Reputation: 2411
I'm trying to apply an UDF function just after a column has been created.
But I got the issue :
Cannot resolve column name "previous_status" among
Which means that the column doesn't exist.
I could probably modify the UDF function in order to not be an UDF anymore and just a normal function with F.when
& otherwise
. The thing is I need a global dict as you can see to determine whether I've already seen that id or not.
alreadyAuthorized = {}
def previously_authorized_spark(id, failed, alreadyAuthorized = alreadyAuthorized):
if id in alreadyAuthorized:
previously_authorized = 1
else:
previously_authorized = 0
if not failed:
alreadyAuthorized[id] = True
return previously_authorized
previously_authorized_udf = udf(lambda x, y : previously_authorized_spark(x, y), IntegerType())

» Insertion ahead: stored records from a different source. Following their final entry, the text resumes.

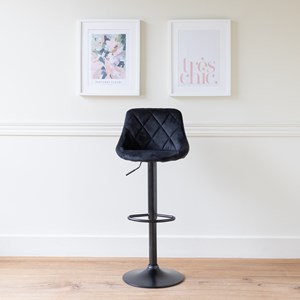 Tabouret de bar en velours noir robin
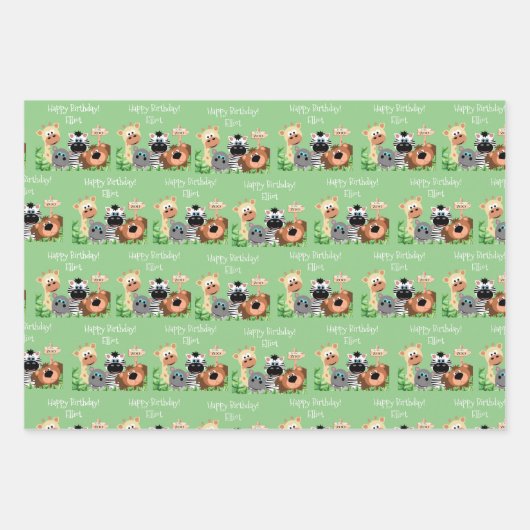 Gepersonaliseerd dierentuin, groen lef inpakpapier vel (Voorkant 3)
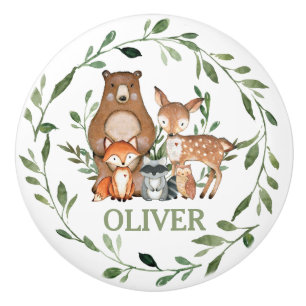 Bouton De Porte En Céramique Chic Cute Bois Animaux Vert Nourriture Décor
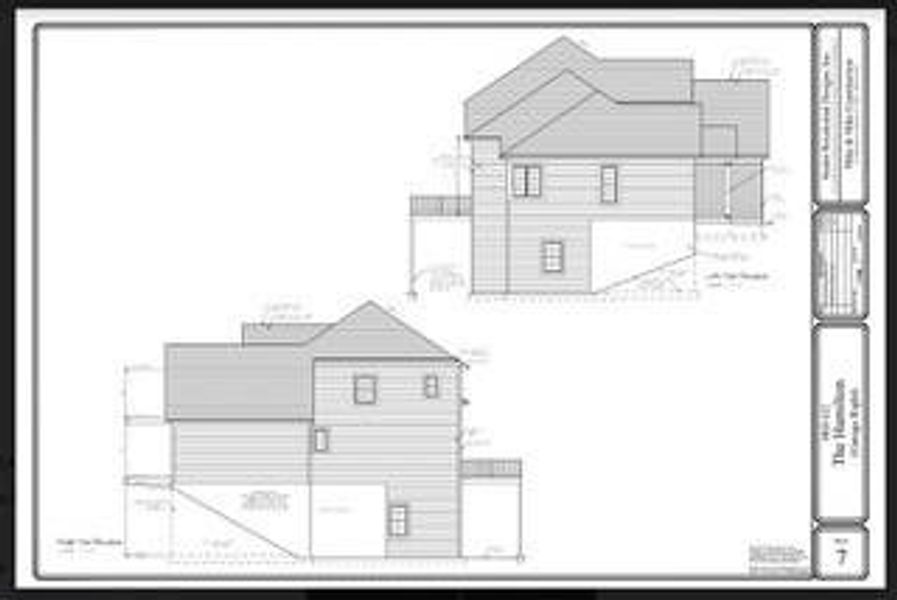 Rear elevation blueprint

def get_previous_status(data):
partition = Window.partitionBy("id").orderBy("date")
data = data.withColumn("previous_status", F.lag(F.col("failed")).over(partition))\
.withColumn("previously_authorized", previously_authorized_udf(data["id"], data["previous_status"]))
data = get_previous_status(data)
Upvotes: 0
Views: 64
Reputation: 1570
Try using col
function to get column, because as @LaSul pointed out, you use data
before it was assigned:
from pyspark.sql.function import col
...
data = data.withColumn("previous_status", F.lag(F.col("failed")).over(partition))\
.withColumn("previously_authorized", previously_authorized_udf(col("id"), col("previous_status")))
...
Upvotes: 1